Je pense que la rationalisation de notre approche cloud en double sourcing, pour ne pas être pied et poing lié auprès d’un seul prestataire, nous a permis de sortir du risque business le plus important à mes yeux. Celui-ci n’est pas géopolitique mais opérationnel, quand on a un patchwork de clouds différents issus de nos acquisitions, qui sont une source de coût et de complexité beaucoup trop importante pour une gestion mondiale à l’échelle. Nous avons une petite équipe de CloudOps : il faudrait disposer de beaucoup plus de monde pour faire tourner des systèmes fragmentés. Finalement, l’arbitrage est permanent : d’un côté on peut avoir intérêt à chercher à être agnostique vis-à-vis des acteurs américains, mais dans ce cas il faut accepter de s’amputer aussi des facilités et capacités innovantes qu’ils offrent. Cet arbitrage n’empêche pas que, quoiqu’il en soit, il faut conserver les compétences pour savoir quitter tout acteur en cas de problème important. On sait que c’est difficile dans le cas des clouds, que cela a un coût… mais il faut être capable de migrer et de redéployer ailleurs.
Est-ce seulement la vision du CTO ?
Ce n’est pas le périmètre exclusif d’un CTO. Tout ce que je vous explique sur l’harmonisation de nos plateformes data et le cloud, ce sont des projets stratégiques.

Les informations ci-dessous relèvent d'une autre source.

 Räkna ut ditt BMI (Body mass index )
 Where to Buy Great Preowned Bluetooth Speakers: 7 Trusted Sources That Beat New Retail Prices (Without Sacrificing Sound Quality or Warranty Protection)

Cela s’inscrit dans la trajectoire stratégique d’extension de nos revenus récurrents SaaS, mais également vers un engagement de plus de plus important vis à vis de nos clients sur des niveaux de services élevés (SLA).
Voyez-vous l’open-source comme un levier à activer plus fortement à l’avenir face à ces préoccupations sur les dépendances numériques ? A quelles conditions ?
Les briques open-source et le développement en propre sont des moyens que je vois comme un élément de l’équation parmi d’autres. L’avantage de l’open source c’est ne pas être dépendant de fournisseurs de solutions, mais cela demande aussi une expertise beaucoup plus forte en interne. Il y a également un risque de maintien de cette expertise dans la durée, dans une situation de turnover plus fort et avec des tensions sur les profils du marché qui connaissent ces solutions. Nous nous tournons de préférence vers des services managés même si nous évaluons régulièrement l’option open-source. Toutefois, nous intégrons certains composants ou librairies open source dans nos produits et solutions, avec un processus pour bien vérifier les types de licences open source vis à vis des obligations légales et sécurité.